Geleceğin trendi olacak
“Çalışanların gün içinde beyin fırtınası yapmak için esnek ve modüler bir ortamın içinde
bulunmaları, yeni fikirler üretmek ve çalışanlar arasında sinerji oluşturmak, yaratıcı
düşünceyi teşvik etmek konusunda oldukça verim sağladığı söyleniyor. Şirketler, çalışanlarını
motive etmek ve uzun vadede bağlılıklarını korumak istiyorsa, çalışanların değerini yansıtan
bir çalışma ortamı da sağlamalılar. Ofis restoranları, yakın gelecekte birçok şirketin kurumsal
kimliğinin temel bir parçası haline gelecek.”
“65 milyon dolar kazanç sağlayacağız”
“Yemek Sanayicileri Dernekleri Federasyonu’na (YESİDEF) göre, Türkiye’nin iş gücü bugün 29
milyon kişiden oluşuyor. Türkiye’de yemek servisi endüstrisi taşımalı yemek, yerinde yemek,
toplu yemek ve paket yemek hizmetleriyle 6.5 milyar dolarlık yıllık ciroya sahip devasa bir
sektör. Bugün 4.000 şirket bu alanda hizmet veriyor ve 1,5 milyon kişiye istihdam sağlıyor.

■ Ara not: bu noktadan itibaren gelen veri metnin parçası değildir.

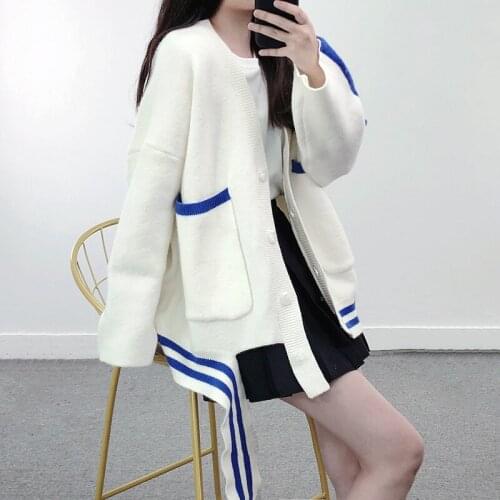 White Long Cardigan Women Oversized Cardigan Thick 2021 Autumn Winter Cardigan Sweater V Neck Patchwork Loose Long Knit Coat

Pandemi sonrası işyerlerinin açılışıyla yemek endüstrisi daha da büyüdü. Yıl sonuna kadar da
kapasitede 10-15’lik bir yükseliş bekleniyor. ‘Ofis Restoranları’ sistemi bize 65 milyon dolar
ekstra kazanç getirecek. Premium Ofis ilk restoranımız oldu. Bundan sonra gelen taleplere
göre yeni ofis restoranları devreye sokacağız. Önümüzdeki yıl İstanbul’da en az 10
yemekhaneyi daha dönüştürecek ve ofis restoranlarının sayısını artıracağız.”